Task prompt ::
Only the lines from the one containing "Neuenstein / Neuenstein Schloss" through the end of the entries are to be copied, exactly and without pictures, please.

Extracted data ::
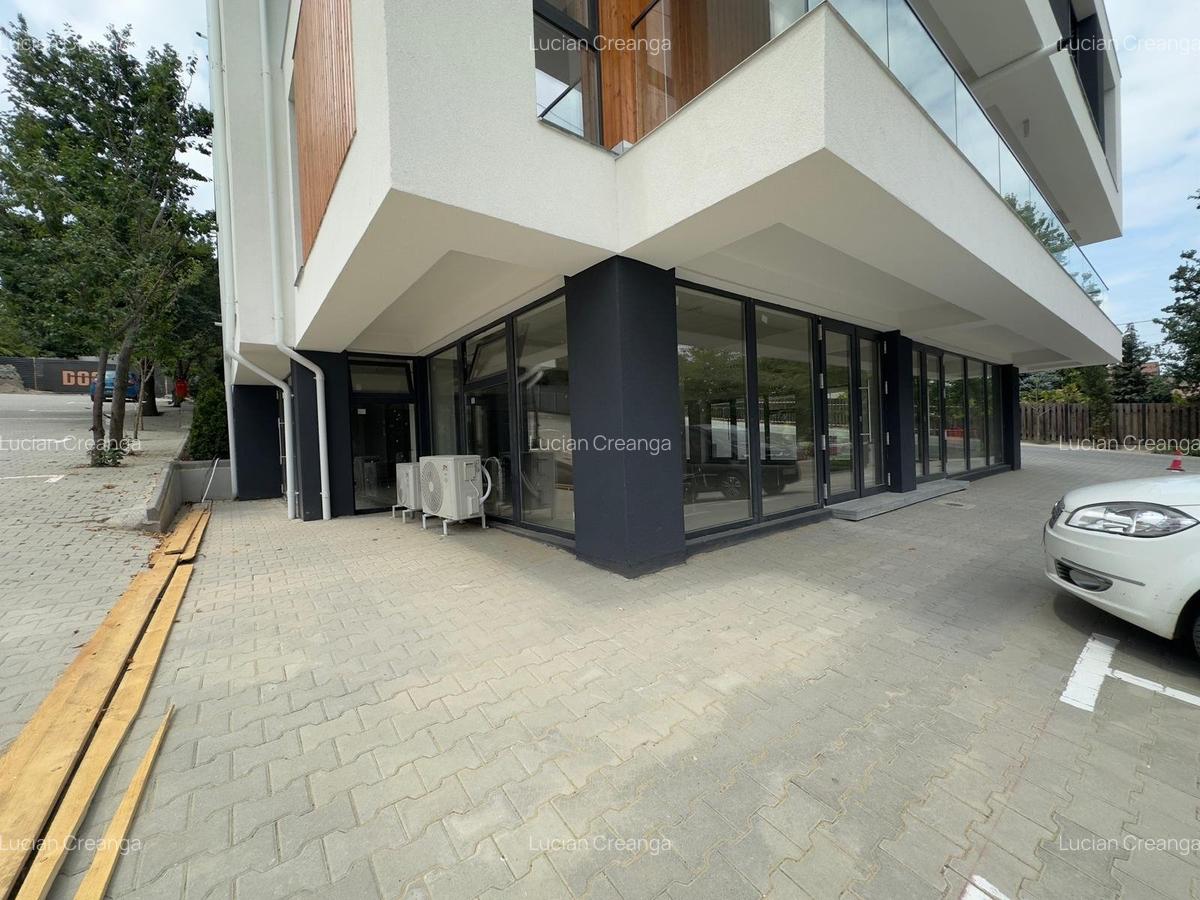 Spațiu comercial, 173 mp în Rediu - 2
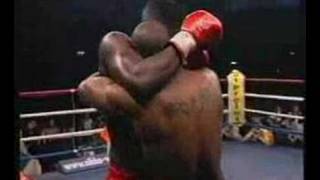 Remy bonjasky vs erol parris [upl. by Esilanna]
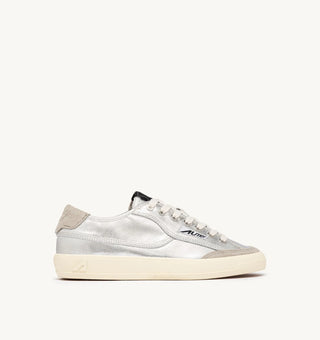 AUTRY WINDSCAPE LOW SILVER CANVAS - SCLWCU07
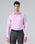 Pink Textured Shirt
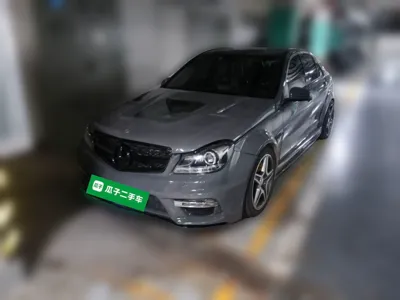 Mercedes-Benz C-Class · 2009 год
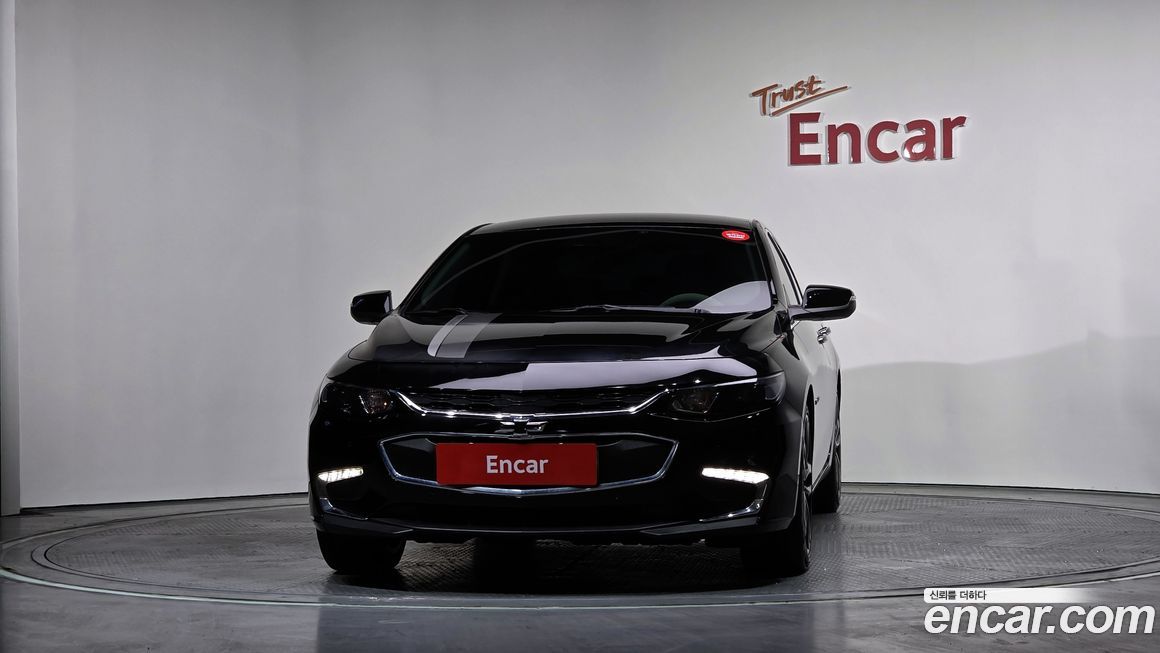 ChevroletGMDaewoo Malibu 2017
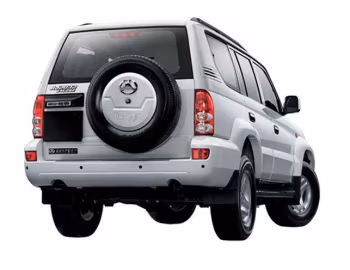 BAW Luba S100 (BJ2032) '2008–17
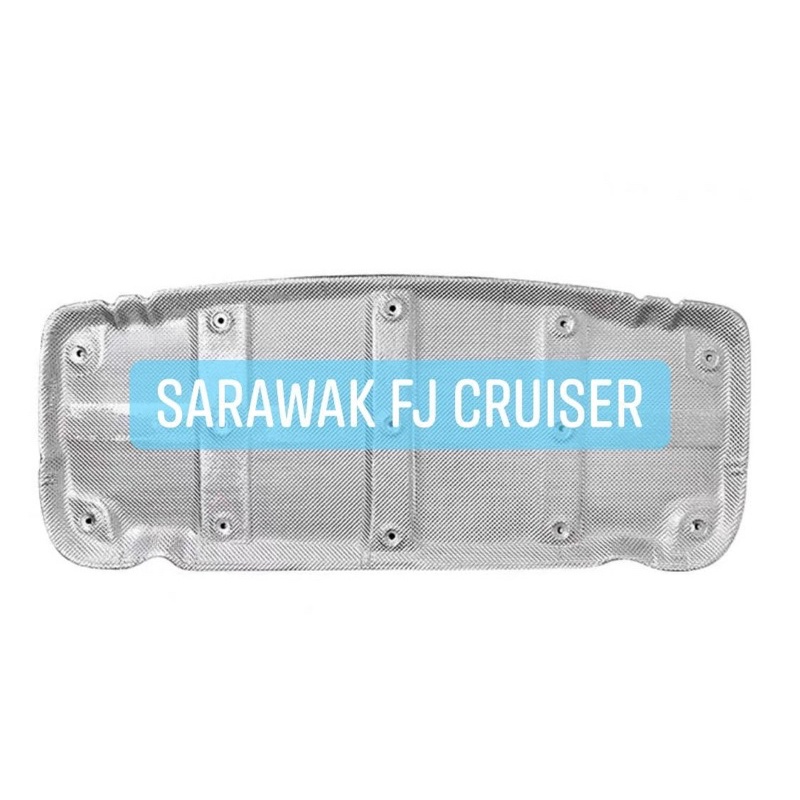 Suzuki Jimny 1922 Engine Hood Heat Insulation Pad Shopee Malaysia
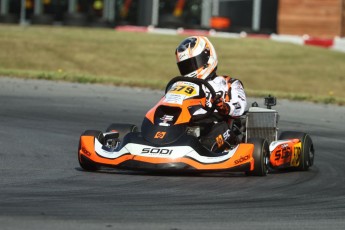 Karting à St-Hilaire- Coupe de Montréal #6 - Dimanche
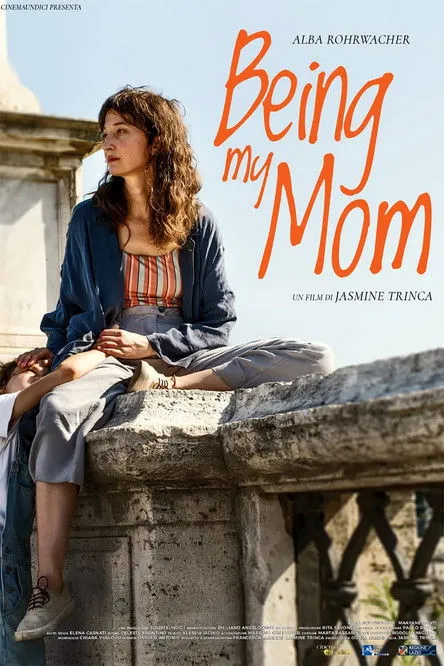 Maayane Conti interpreta a figlia en Being My Mom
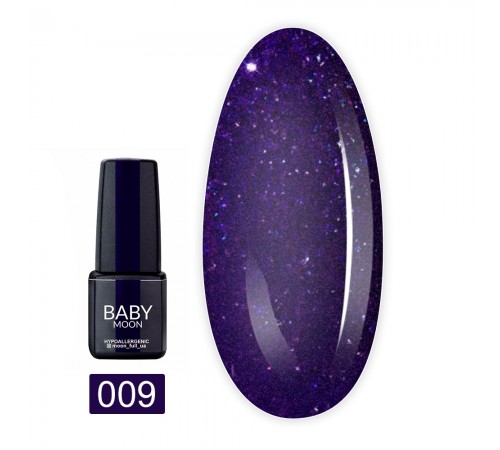 Гель-лак Baby Moon Dance Diamond 6 мл (009) Гель-лак Baby Moon Dance Diamond 6 мл (009)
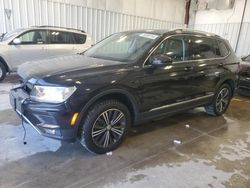 Volkswagen Vehiculos salvage en venta: 2018 Volkswagen Tiguan SE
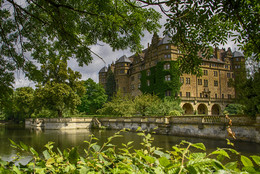 Neuenstein / Neuenstein Schloss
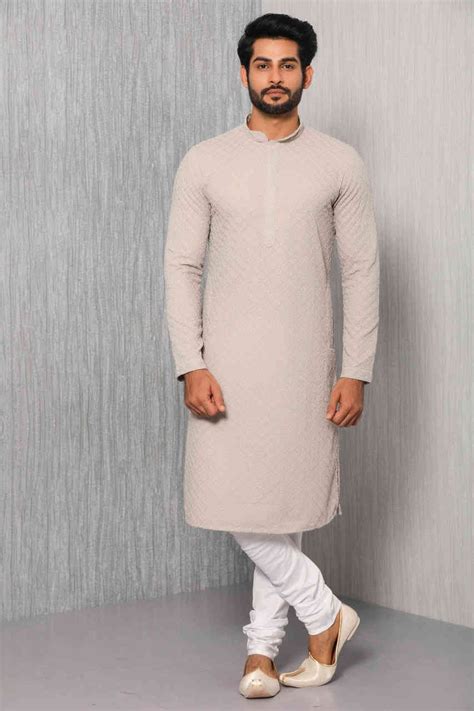 Level Up Your Ethnic Style with a Kurta and Jacket for Men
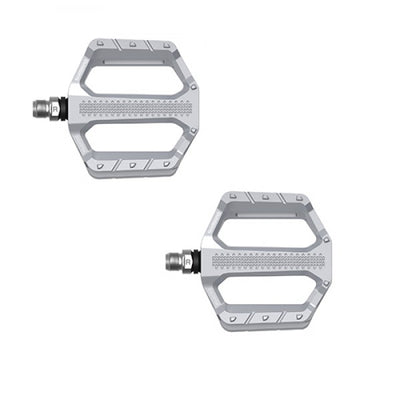 Shimano PD-EF202 Flat Pedal Silver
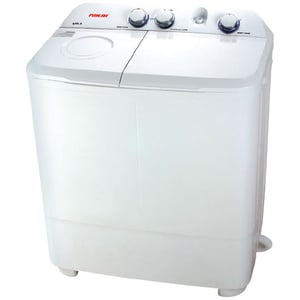 Nikai Semi Automatic Washing Machine Twin Tub 8 Kg NWM800SPN2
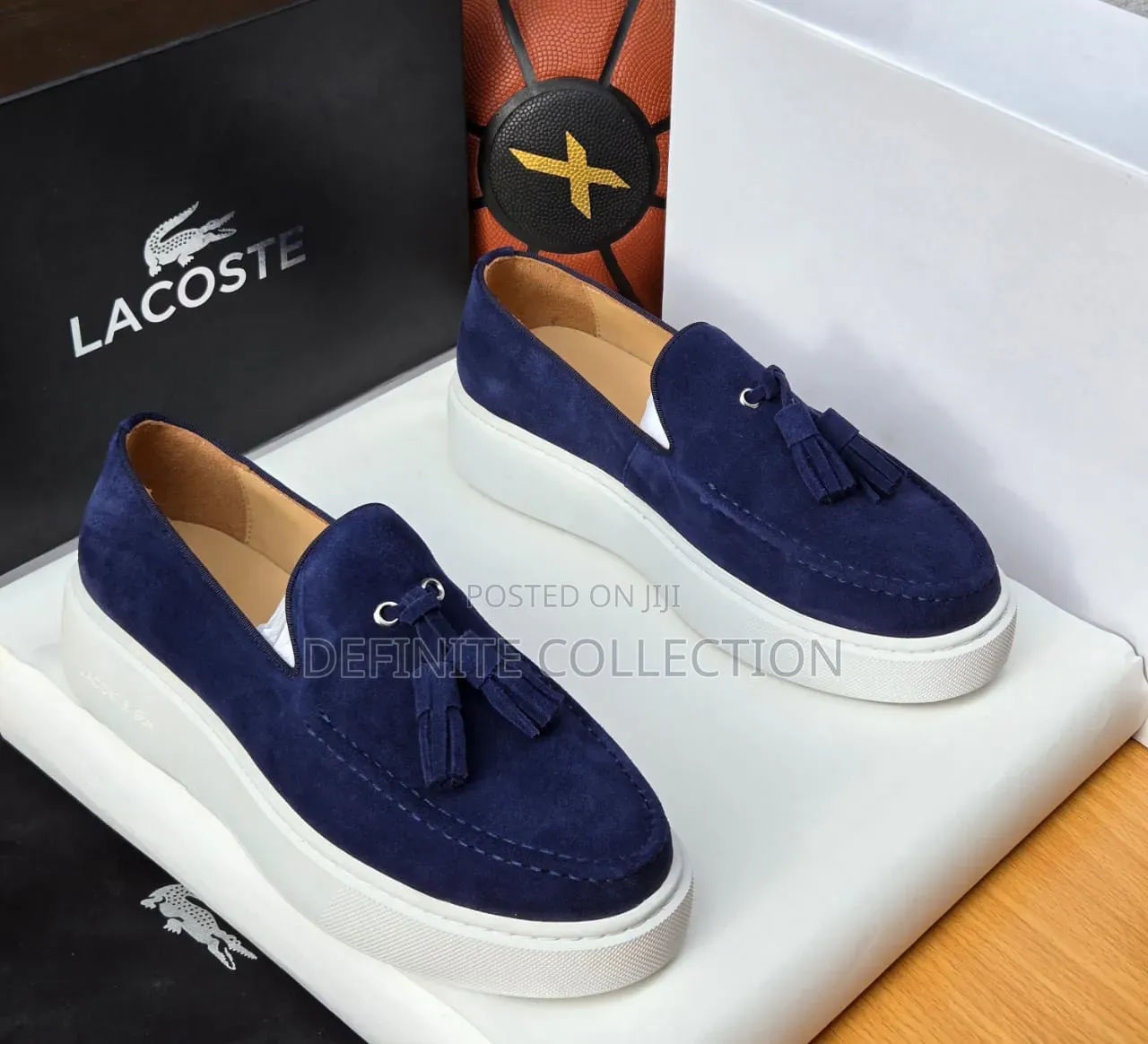LACOSTE Top Luxury Loafer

Finished task ::
 Neuenstein / Neuenstein Schloss
 Level Up Your Ethnic Style with a Kurta and Jacket for Men
 Shimano PD-EF202 Flat Pedal Silver
 Nikai Semi Automatic Washing Machine Twin Tub 8 Kg NWM800SPN2
LACOSTE Top Luxury Loafer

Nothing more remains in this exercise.